BRITS are being urged to wear face masks on some of the UK’s most popular beaches as they soak up the Easter sun.
Beachgoers have also been advised to revert to social distancing on the sand and pebbles where possible over the Bank Holiday Weekend.
And as temperatures surpass 22C, families should also wash their hands frequently because the virus “has not disappeared”.
Coastal resorts in the counties, such as Skegness, Mablethorpe, St Ives and Perranporth, have seen an influx of tourists and local families, sparking fears the number of coronavirus cases will shoot up.
In response, Cornwall Council asked people to extra care.
A spokesperson said visitors should “wash their hands, wear a face covering where you can and keep your distance in crowded places this Easter”.
They also urged anyone who feels unwell to stay at home.
“With Covid cases high across Cornwall, we’re asking everyone to take extra care this Easter and keep doing your bit to help stop the spread,” they added.
Visitors to the Lincolnshire coast have been given similar guidance.
Craig Leyland, the head of East Lindsey District Council, said masks should be worn in crowded areas and people should continue to wash their hands regularly.
He told BBC Look North: “We want to welcome people to our fantastic coast and Wolds, and all the other attractions we have, but we are just asking people to make sure the virus isn’t spread unnecessarily.

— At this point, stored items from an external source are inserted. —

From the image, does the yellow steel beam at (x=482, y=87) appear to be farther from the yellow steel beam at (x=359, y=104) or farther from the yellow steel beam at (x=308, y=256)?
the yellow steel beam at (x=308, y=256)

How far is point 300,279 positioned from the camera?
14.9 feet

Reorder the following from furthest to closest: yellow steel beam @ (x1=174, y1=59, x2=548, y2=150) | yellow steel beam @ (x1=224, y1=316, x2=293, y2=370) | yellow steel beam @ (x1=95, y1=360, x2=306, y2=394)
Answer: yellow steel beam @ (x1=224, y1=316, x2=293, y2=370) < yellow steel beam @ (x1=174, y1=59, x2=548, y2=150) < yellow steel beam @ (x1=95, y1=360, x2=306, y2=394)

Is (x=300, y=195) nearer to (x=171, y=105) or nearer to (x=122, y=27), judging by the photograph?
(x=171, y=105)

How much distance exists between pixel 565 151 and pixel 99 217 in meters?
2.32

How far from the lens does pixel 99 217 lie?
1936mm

“It is extremely important that we all continue to follow this guidance to help keep ourselves and others safe.”
A spokesperson from Public Health Lincolnshire said “Covid is still with us” and visitors should take “personal responsibility”.

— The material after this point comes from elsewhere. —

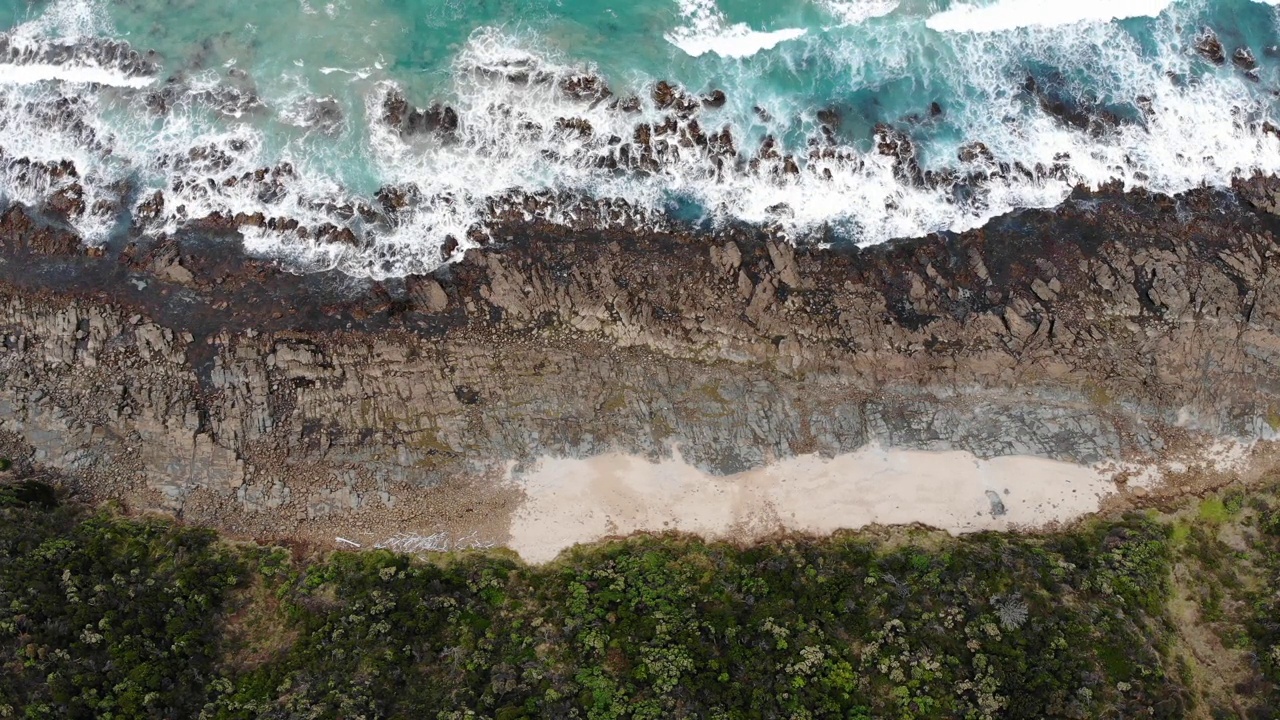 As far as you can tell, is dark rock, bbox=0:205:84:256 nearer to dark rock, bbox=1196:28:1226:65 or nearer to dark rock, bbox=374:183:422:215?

The advice contracts Boris Johnson’s “living with Covid” plan which saw an end to most restrictions – including mask wearing – and pushed life back to normal.

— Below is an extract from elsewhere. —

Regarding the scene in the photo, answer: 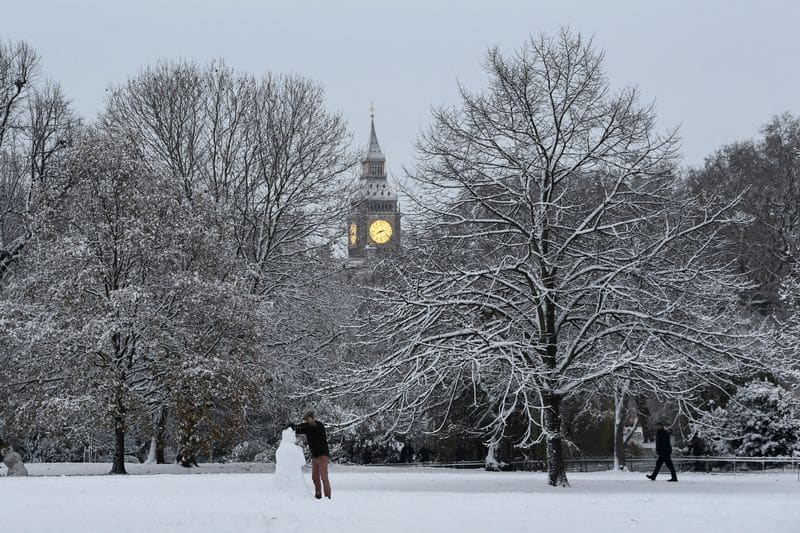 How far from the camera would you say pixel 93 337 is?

And it doesn’t take into account the huge success of the UK’s vaccine roll-out, which has protected millions of Brits and saved countless lives.
According to official data, 2,335 tested positive for Covid across Cornwall and the Isles of Scilly between April 8 and April 14.
And as of April 12, there were 95 patients in local hospitals with the virus.
In Lincolnshire, the case rate as of the last count was 474 per 100,000 people.
Both sets of data are down on the previous week’s figures, in line with national totals.
In the week ending April 9, one in 15 people had Covid-19, down from one in 13 the week before.
Experts now believe things are “plateauing”.